Botnets are diverse systems (home PCs, company servers, university computers, etc.) cobbled together from other successful hacks. The hacks meant to increase the size of the zombie army often don’t raise alarms because. The hack happens and the zombie sits dormant until called into action against a primary target.

The botnets (or a portion of the botnet) are often sold as a service from hacker to hacker. Regardless, once a botnet is activated, it is used for all sorts of attacks such as denial of service or credential stuffing.

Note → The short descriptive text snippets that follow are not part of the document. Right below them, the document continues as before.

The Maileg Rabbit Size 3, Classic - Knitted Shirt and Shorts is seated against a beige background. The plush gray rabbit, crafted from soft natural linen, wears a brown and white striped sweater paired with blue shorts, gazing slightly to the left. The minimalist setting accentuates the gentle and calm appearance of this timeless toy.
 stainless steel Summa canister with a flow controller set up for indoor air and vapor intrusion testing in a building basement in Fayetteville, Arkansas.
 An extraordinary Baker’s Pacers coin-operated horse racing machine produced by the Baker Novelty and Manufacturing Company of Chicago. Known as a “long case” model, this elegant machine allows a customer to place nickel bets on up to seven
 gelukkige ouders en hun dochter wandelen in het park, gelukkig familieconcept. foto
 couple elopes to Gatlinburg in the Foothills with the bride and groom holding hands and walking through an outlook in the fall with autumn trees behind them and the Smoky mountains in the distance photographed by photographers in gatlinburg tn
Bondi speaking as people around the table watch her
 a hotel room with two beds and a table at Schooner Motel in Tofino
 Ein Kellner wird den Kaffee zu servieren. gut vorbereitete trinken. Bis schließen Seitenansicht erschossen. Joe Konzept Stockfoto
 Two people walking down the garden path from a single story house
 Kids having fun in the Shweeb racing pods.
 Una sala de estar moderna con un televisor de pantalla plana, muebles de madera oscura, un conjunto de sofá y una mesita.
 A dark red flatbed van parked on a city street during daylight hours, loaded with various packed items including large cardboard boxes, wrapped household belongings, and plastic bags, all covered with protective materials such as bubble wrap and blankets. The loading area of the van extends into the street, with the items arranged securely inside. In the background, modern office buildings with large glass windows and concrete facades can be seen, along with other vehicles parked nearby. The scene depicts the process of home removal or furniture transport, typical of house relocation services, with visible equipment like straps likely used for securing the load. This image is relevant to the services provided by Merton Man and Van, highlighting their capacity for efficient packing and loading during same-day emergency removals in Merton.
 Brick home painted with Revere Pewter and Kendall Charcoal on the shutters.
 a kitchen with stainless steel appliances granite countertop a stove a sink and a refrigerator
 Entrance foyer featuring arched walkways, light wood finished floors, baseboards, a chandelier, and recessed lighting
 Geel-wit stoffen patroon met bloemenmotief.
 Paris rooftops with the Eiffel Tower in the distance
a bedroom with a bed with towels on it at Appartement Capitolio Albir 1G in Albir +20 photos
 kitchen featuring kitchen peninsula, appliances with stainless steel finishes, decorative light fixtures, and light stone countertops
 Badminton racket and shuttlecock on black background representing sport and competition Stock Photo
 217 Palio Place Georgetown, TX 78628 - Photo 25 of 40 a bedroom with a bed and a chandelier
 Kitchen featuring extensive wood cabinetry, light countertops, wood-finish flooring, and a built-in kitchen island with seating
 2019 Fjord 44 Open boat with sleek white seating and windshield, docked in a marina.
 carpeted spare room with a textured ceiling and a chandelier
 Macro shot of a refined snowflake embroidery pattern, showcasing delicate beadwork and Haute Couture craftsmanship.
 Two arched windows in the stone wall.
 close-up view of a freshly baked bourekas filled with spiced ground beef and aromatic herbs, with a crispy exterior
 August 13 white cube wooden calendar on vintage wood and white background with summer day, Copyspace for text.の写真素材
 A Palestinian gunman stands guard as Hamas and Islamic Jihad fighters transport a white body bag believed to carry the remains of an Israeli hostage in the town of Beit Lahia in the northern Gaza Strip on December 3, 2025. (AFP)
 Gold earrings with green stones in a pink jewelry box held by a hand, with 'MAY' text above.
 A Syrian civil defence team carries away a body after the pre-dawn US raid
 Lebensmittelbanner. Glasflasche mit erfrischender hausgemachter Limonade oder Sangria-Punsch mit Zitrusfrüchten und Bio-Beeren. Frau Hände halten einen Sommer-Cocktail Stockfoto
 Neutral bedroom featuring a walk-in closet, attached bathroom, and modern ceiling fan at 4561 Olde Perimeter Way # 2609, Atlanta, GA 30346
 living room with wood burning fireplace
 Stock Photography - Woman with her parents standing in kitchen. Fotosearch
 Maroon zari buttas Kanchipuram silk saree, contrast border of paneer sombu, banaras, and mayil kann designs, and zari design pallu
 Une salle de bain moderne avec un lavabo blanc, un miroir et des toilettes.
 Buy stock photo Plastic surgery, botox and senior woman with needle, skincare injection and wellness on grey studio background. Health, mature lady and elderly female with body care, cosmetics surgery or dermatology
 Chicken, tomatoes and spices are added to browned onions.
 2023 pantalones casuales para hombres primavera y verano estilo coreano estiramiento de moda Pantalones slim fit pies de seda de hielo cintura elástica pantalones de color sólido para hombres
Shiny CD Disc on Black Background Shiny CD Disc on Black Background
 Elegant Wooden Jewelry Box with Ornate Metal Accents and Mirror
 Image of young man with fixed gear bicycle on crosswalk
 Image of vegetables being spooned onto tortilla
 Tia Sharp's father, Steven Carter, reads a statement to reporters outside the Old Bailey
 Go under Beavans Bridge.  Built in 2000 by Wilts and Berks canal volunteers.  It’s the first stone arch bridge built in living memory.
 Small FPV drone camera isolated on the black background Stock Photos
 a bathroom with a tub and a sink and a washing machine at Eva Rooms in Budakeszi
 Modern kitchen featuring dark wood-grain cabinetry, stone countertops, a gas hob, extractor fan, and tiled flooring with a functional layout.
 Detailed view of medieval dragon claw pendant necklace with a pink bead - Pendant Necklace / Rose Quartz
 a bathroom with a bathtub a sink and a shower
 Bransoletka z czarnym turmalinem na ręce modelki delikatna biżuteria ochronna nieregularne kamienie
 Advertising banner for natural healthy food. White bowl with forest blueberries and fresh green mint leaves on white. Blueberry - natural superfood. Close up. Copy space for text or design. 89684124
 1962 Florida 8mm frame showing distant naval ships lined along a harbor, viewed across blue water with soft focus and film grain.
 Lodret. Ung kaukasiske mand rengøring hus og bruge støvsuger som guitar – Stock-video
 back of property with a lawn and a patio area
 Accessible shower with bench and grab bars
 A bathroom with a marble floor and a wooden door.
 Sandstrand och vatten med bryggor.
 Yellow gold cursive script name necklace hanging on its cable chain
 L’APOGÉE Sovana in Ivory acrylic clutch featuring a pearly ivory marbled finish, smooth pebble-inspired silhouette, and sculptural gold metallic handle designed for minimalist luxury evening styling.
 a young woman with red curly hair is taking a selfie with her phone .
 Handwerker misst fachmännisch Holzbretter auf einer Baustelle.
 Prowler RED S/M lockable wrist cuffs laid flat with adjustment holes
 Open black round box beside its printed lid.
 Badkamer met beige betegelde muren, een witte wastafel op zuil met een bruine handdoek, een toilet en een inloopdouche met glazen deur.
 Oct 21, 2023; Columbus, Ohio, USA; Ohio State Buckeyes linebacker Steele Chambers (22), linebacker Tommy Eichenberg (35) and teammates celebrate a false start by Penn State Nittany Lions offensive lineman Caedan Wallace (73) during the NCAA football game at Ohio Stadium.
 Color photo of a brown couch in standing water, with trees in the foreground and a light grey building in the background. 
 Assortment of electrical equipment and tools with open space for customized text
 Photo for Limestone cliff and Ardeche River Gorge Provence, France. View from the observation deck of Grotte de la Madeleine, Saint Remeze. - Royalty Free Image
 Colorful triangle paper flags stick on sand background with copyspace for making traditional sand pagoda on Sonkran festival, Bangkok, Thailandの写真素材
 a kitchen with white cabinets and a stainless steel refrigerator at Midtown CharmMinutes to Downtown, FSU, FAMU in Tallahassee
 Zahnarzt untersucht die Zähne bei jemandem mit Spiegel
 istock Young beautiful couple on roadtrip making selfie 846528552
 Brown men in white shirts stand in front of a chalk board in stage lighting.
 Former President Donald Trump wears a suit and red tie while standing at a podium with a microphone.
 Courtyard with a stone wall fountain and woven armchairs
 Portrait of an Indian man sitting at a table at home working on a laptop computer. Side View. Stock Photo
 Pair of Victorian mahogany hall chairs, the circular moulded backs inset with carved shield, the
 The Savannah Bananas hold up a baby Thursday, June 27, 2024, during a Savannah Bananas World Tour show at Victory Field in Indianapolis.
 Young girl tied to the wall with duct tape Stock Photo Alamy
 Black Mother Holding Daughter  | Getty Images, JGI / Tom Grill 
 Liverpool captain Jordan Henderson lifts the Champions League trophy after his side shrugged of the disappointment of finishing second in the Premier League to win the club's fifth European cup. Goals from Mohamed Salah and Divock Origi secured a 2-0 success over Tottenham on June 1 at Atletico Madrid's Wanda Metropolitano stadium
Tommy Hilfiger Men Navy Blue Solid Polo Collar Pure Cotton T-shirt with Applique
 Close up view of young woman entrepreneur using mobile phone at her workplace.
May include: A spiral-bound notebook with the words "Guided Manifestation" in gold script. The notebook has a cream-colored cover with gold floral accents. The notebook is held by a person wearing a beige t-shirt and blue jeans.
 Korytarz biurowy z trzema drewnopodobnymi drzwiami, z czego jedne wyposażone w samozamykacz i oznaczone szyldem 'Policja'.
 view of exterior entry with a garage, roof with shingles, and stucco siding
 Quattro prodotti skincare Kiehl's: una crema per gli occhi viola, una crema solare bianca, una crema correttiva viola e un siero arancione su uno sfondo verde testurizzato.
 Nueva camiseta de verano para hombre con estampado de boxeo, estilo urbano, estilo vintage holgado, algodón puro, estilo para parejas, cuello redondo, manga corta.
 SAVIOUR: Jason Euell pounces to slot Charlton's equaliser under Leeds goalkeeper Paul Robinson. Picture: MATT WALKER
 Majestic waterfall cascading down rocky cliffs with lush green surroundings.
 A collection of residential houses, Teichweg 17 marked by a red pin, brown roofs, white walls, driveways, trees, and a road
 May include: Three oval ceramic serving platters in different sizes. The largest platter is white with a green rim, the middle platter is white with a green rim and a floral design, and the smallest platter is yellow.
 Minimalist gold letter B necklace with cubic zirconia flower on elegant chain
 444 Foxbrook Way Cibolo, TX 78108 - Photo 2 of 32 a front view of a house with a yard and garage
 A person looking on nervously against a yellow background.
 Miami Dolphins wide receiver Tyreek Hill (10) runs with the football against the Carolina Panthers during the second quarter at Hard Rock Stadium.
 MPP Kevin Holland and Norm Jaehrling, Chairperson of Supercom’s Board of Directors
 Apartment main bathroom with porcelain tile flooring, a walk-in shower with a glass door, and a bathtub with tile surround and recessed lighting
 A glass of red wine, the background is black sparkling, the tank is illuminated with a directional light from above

Or some zombie system in the botnet is used as a final jump off point before hitting the intended target. Then, if the anti-forensic and extraneous data techniques were strong enough, it is quite possible any investigation of the attack stops at the location of a particular bot (say a Gleaming Teeth Dental).

Hackers Have Become the Darling of Organized Crime

Ransomware, digital exhortation, identify theft, and credit card theft from hacking have become the new number running. It’s not just for kids in their mom’s basements anymore. It hasn’t been that for at least a decade.

Depending on whose numbers to believe, cybercrime generates $1 Trillion US dollars a year for cyber criminals. The drug trade only generates about $600 Billion dollars a year. With $1 Trillion dollars on the table, it is a certainty traditional organized crime groups muscle in and hackers’ band together to form their own network of economic incentives.

Organized crime also, like any other business over the past two decades, has moved operations from the back office of the meat store to the raised floors of the data center. They also have a penchant for identifying “jurisdictional morass” to ensure its operations remain unhindered. Combine organized crime’s modernization with their logistical and legal prowess and that’s a recipe for a hacker haven.

It’s not that traditional organized crime syndicates are conducting all of these attacks, it’s that these groups are beginning to “assemble”, fund, equip, and protect, their own hacker segments. It’s just good business.

Many hackers can now work is relative protection against extradition from the countries they attack because host country’s see the hacker bases of operations, organized crime funded and furnished, as “revenue streams”. And many more can work under the protection of organized crime in countries where the laws and leaders don’t see those actives as “taxable”.